» Data:
=== Section Start ===

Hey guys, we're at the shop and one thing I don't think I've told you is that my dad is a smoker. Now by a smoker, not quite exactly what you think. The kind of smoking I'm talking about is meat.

=== Section End ===
=== Section Start ===

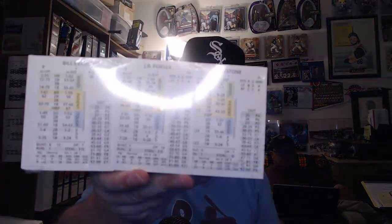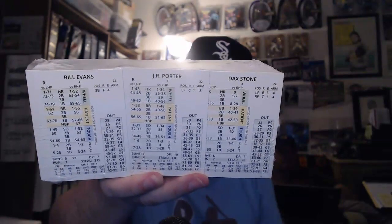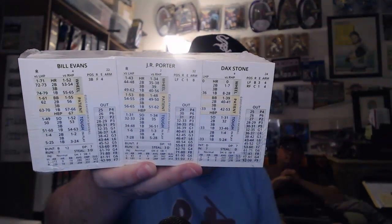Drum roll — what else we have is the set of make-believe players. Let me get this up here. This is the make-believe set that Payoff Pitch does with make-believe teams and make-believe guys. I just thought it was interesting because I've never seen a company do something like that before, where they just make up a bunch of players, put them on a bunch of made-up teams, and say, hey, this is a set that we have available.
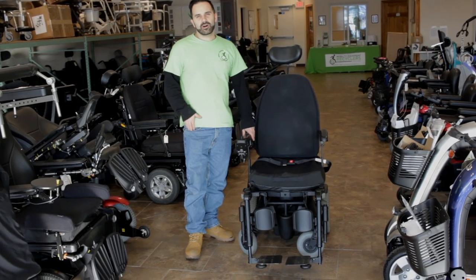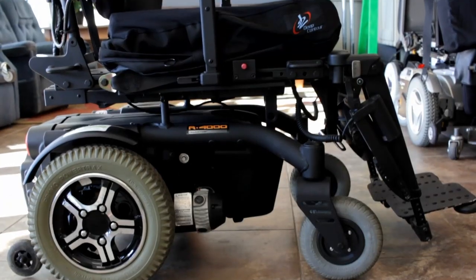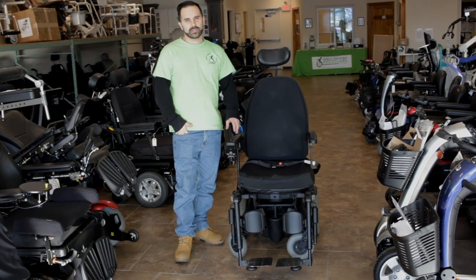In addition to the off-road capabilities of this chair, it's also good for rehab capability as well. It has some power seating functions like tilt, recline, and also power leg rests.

=== Section End ===
=== Section Start ===

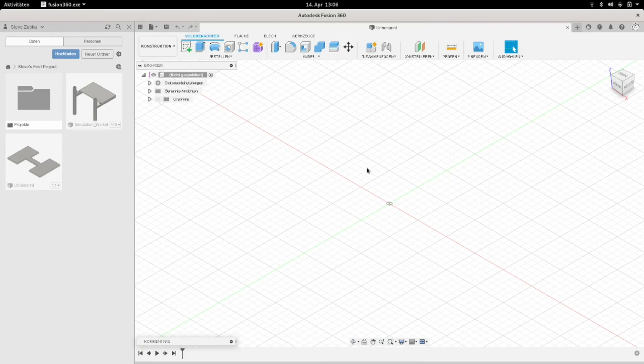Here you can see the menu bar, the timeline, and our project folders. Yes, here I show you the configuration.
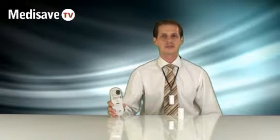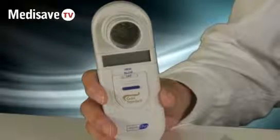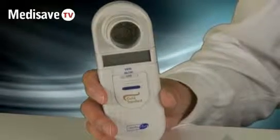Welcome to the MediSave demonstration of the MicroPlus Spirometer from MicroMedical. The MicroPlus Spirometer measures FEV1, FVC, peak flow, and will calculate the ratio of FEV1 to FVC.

=== Section End ===

In the records above, find the line containing "Here you can" and the line containing "Welcome to the", then give both of them again word for word along with every line between. Omit any pictures.

Here you can see the menu bar, the timeline, and our project folders. Yes, here I show you the configuration.
Welcome to the MediSave demonstration of the MicroPlus Spirometer from MicroMedical. The MicroPlus Spirometer measures FEV1, FVC, peak flow, and will calculate the ratio of FEV1 to FVC.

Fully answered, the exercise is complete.